SOURCE DATA:
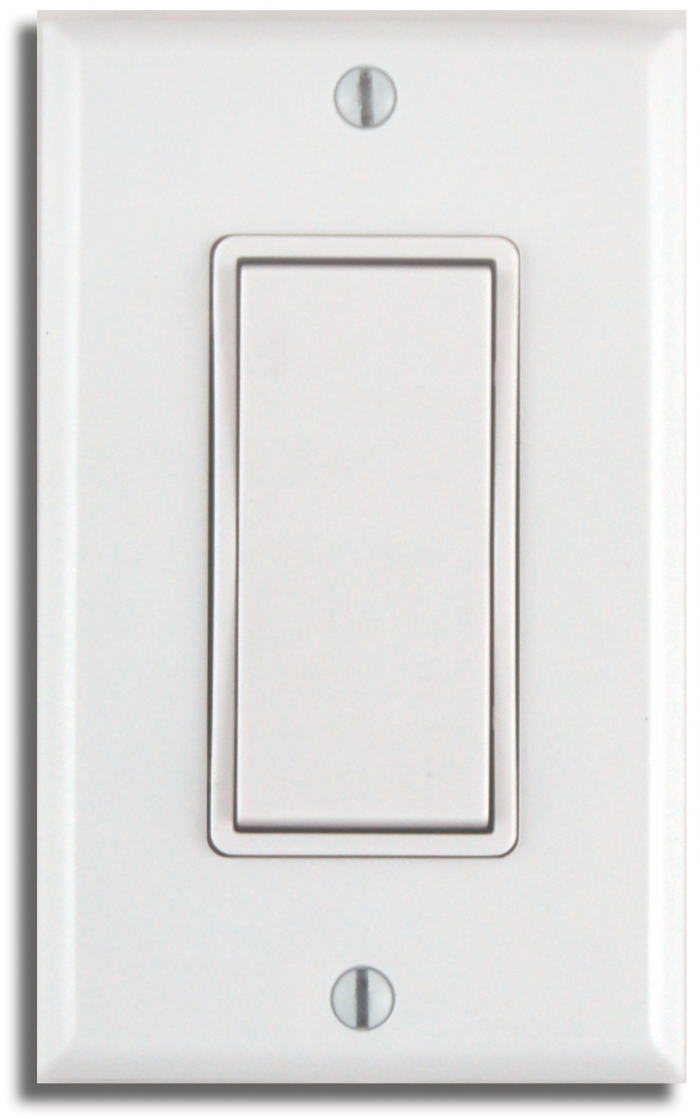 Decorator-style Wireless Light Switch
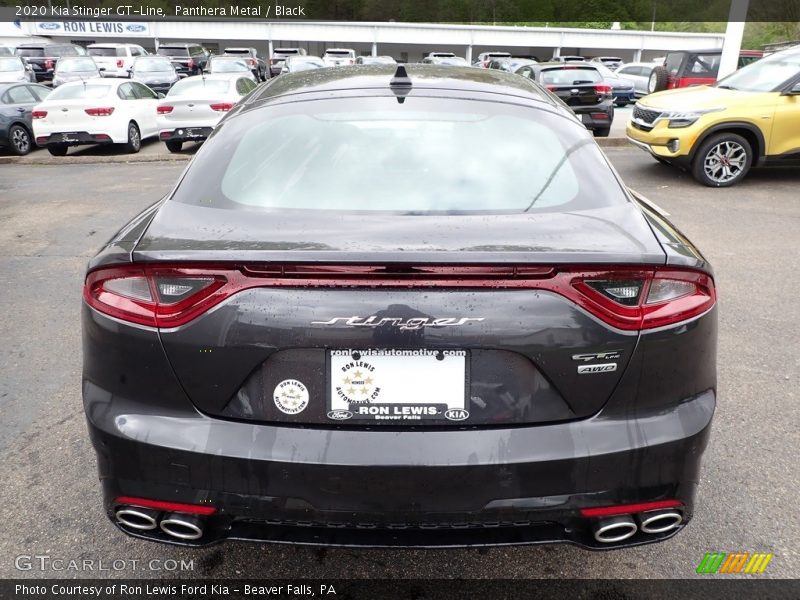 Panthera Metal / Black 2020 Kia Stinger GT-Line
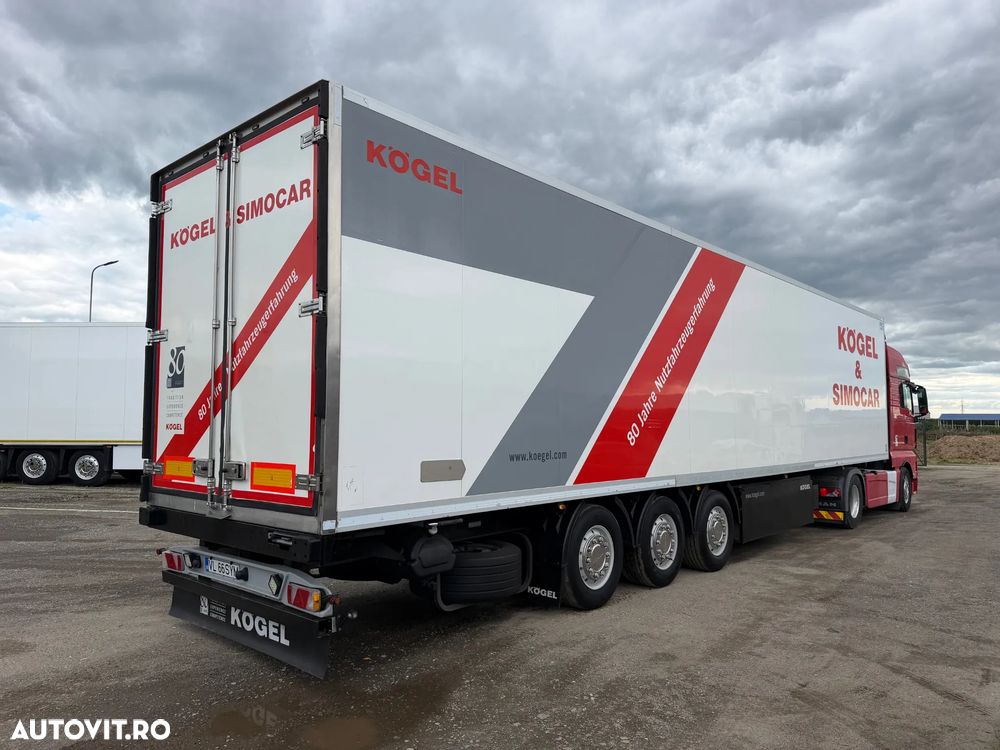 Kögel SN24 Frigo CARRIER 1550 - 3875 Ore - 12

YOUR GOAL:
What is wanted is the listing, written out exactly, with each picture removed.

COMPLETED EXERCISE:
 Decorator-style Wireless Light Switch
 Panthera Metal / Black 2020 Kia Stinger GT-Line
 Kögel SN24 Frigo CARRIER 1550 - 3875 Ore - 12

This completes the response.